Instruments of Generation

Academic and “education futurizer” Tryggvi Thayer explores the “double-edged sword” of metaphors for emerging technologies. As an example, he points to the synthesizer, the electronic musical instrument that brought us everything from Donna Summers disco to Hans Zimmer film scores. 

Thayer tells how Robert Moog popularized the synthesizer in the 60s by putting it in the form of a piano keyboard. There was nothing inherently ‘keyboardish’ in the technology to begin with. It could just as easily have taken the form of any other existing instrument — or a typewriter or series of tubes or any other shape. But by shaping it into a keyboard, Moog cut down the instrument’s learning curve for many people. Anyone familiar with a piano can instantly plink out a song on the synth. And so the synthesizer went from a strange toy to serious music. Now “keyboard” is basically synonymous with synth.

But this development also carried with it its own limitations. Thayer explores how other synth pioneers rejected the keyboard metaphor, instead embracing the unique freedoms within the technology to create and manipulate sound.
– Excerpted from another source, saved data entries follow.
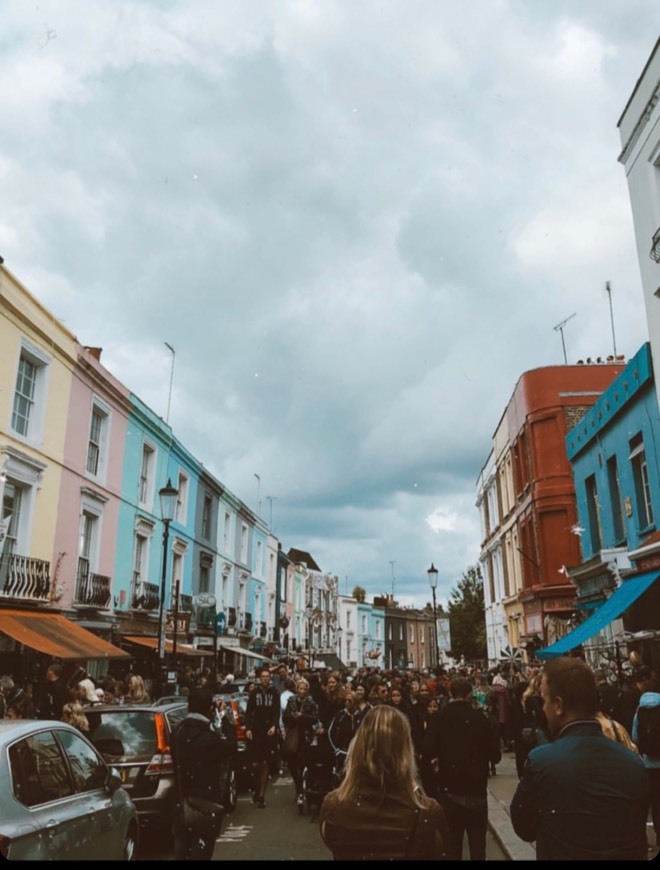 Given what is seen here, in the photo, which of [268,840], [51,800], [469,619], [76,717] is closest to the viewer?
[51,800]

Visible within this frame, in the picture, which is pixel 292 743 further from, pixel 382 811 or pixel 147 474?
pixel 147 474

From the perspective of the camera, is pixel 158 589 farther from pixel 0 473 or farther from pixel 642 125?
pixel 642 125

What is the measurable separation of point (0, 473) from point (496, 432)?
23812 mm

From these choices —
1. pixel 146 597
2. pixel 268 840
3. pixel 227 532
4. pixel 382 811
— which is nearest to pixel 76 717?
pixel 268 840

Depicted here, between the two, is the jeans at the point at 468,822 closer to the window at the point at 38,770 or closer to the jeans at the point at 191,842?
the jeans at the point at 191,842

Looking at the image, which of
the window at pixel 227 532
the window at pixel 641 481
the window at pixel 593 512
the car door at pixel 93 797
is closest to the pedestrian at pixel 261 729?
the car door at pixel 93 797

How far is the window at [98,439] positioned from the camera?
20.9 metres

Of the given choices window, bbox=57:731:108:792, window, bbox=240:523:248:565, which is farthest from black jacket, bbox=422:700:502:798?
window, bbox=240:523:248:565

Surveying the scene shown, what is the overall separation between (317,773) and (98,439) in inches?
556

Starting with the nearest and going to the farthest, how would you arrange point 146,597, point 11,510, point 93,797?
point 93,797, point 11,510, point 146,597

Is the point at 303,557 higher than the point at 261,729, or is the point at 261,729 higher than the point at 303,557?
the point at 303,557

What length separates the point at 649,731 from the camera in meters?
6.96

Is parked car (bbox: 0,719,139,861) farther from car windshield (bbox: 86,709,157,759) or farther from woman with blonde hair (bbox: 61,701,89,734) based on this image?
woman with blonde hair (bbox: 61,701,89,734)

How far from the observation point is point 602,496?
18.0 meters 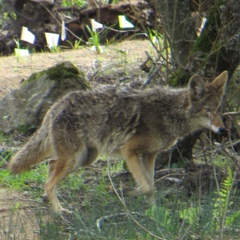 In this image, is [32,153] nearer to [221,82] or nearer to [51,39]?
A: [221,82]

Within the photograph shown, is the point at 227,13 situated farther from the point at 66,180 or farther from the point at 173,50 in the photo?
the point at 66,180

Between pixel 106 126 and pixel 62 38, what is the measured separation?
20.9 ft

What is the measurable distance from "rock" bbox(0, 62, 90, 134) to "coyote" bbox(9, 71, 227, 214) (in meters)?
2.05

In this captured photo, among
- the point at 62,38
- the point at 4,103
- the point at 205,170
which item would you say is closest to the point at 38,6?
the point at 62,38

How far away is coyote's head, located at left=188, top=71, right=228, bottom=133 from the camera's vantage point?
23.1 feet

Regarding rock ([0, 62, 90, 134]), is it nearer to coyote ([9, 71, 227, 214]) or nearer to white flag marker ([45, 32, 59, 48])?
coyote ([9, 71, 227, 214])

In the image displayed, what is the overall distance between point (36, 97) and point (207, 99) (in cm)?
311

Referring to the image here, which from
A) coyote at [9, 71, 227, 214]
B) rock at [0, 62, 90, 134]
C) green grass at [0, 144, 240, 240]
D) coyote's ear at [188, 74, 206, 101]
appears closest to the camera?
green grass at [0, 144, 240, 240]

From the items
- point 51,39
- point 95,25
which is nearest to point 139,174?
point 95,25

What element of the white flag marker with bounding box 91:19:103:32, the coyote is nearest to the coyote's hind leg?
the coyote

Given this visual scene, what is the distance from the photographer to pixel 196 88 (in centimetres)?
710

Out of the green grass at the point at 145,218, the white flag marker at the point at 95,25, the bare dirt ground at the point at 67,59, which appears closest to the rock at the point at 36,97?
the bare dirt ground at the point at 67,59

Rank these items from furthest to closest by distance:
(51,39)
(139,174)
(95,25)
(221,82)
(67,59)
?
(51,39) < (95,25) < (67,59) < (221,82) < (139,174)

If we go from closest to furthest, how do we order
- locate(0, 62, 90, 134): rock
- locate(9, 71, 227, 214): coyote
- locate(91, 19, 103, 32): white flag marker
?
locate(9, 71, 227, 214): coyote → locate(0, 62, 90, 134): rock → locate(91, 19, 103, 32): white flag marker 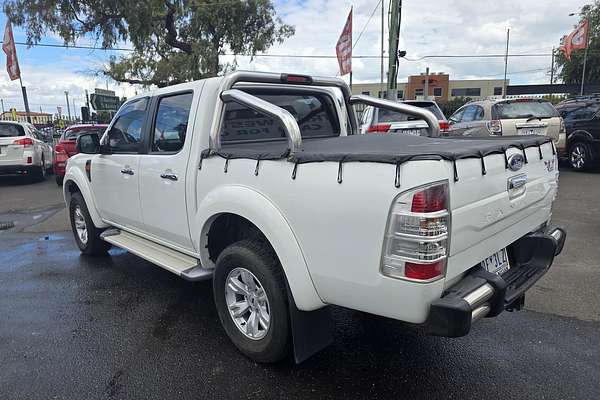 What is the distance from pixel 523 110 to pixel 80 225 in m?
9.21

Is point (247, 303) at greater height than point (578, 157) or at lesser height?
lesser

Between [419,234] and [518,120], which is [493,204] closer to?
[419,234]

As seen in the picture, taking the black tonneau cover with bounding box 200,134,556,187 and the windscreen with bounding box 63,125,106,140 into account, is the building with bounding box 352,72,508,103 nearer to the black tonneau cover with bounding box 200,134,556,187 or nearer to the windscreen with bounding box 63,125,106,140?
the windscreen with bounding box 63,125,106,140

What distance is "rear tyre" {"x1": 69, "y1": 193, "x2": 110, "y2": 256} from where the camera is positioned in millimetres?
5312

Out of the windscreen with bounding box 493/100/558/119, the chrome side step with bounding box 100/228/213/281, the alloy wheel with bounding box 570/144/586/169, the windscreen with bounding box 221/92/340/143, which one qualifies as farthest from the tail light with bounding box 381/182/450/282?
the alloy wheel with bounding box 570/144/586/169

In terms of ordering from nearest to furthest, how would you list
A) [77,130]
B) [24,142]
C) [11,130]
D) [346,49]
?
[24,142] → [11,130] → [77,130] → [346,49]

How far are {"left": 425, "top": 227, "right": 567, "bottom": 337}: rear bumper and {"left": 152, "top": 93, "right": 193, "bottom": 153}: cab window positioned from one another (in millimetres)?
2323

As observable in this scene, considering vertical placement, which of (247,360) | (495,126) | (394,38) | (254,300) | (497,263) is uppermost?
(394,38)

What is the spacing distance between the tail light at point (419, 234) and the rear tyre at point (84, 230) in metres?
4.25

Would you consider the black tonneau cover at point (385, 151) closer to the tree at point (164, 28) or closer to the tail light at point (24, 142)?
the tail light at point (24, 142)

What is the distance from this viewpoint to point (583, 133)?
34.8 ft

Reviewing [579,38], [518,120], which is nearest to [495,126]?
[518,120]

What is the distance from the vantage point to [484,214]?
7.88 ft

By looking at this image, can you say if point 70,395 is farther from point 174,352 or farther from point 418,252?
point 418,252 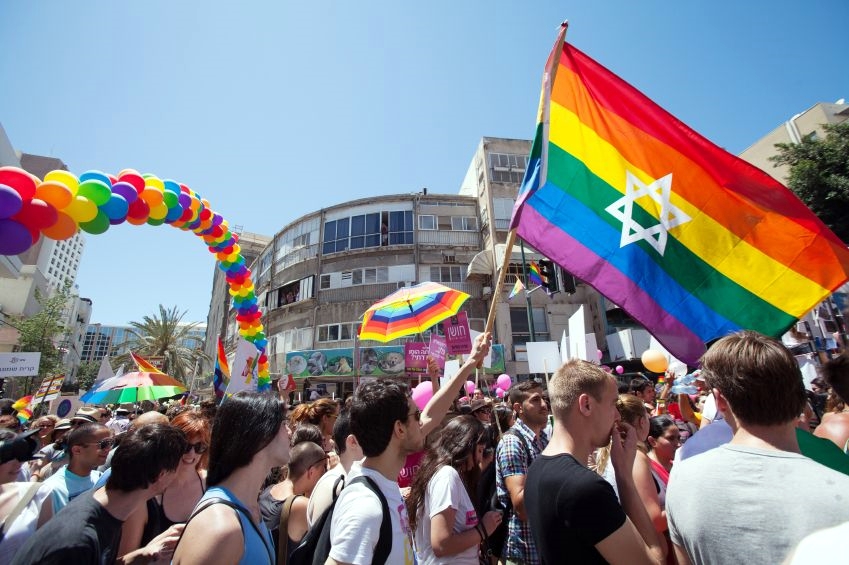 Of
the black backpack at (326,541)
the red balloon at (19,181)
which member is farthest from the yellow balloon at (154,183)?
the black backpack at (326,541)

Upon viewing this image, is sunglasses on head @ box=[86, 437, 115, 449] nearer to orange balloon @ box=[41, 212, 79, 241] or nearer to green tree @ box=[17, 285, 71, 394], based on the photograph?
orange balloon @ box=[41, 212, 79, 241]

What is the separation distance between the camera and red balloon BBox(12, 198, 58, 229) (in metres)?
4.43

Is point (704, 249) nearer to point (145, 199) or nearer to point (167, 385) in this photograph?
point (145, 199)

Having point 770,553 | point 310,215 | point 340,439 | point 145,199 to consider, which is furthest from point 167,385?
point 310,215

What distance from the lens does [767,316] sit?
370 cm

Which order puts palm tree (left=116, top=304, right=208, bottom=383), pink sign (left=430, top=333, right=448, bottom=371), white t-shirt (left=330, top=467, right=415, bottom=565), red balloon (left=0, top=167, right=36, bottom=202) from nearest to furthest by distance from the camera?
1. white t-shirt (left=330, top=467, right=415, bottom=565)
2. red balloon (left=0, top=167, right=36, bottom=202)
3. pink sign (left=430, top=333, right=448, bottom=371)
4. palm tree (left=116, top=304, right=208, bottom=383)

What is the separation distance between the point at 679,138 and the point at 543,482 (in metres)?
3.77

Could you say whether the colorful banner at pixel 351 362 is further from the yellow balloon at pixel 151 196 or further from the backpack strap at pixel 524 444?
the backpack strap at pixel 524 444

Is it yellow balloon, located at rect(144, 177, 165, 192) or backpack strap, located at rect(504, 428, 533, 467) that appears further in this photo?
yellow balloon, located at rect(144, 177, 165, 192)

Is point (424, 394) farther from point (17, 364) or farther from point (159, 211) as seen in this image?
point (17, 364)

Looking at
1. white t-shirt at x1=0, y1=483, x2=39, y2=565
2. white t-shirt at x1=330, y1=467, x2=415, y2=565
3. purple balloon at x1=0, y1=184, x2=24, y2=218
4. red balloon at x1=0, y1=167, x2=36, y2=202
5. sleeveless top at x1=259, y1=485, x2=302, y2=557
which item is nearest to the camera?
white t-shirt at x1=330, y1=467, x2=415, y2=565

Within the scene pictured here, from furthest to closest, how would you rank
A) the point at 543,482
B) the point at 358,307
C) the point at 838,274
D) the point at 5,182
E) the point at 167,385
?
the point at 358,307 → the point at 167,385 → the point at 5,182 → the point at 838,274 → the point at 543,482

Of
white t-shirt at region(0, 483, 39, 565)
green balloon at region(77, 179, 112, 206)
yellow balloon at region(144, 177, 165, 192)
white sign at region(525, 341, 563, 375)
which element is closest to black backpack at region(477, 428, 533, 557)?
Result: white t-shirt at region(0, 483, 39, 565)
Their synthesizers are a series of knobs and wires that look like no other instruments, and their music tends to be far more experimental, utilizing the capabilities that are closed off by the keyboard format. They’re not thinking like pianists: they’re starting from a much more open framework.

As Thayer puts it: 

“At some point the metaphor ceases to serve its initial purpose of helping us to relate to changes in our environment. The metaphor may even become a hindrance that obstructs forward movement.”

Legal documents are meant to be put to work, not stacked in ever-higher digital cabinets to collect dust. At Filevine, we’re not building better filing cabinets: we’re opening new ways of conceiving of and engaging with your documents. When we move beyond the limitation ingrained in traditional ways of thinking about technology, we can offer you fresh forms of control. You decide where documents appear in workflows. You decide how they get assembled, organized, tagged, and put to work for your clients. 

And when you move beyond the limitations that restrict your competitors, you build the future of legal.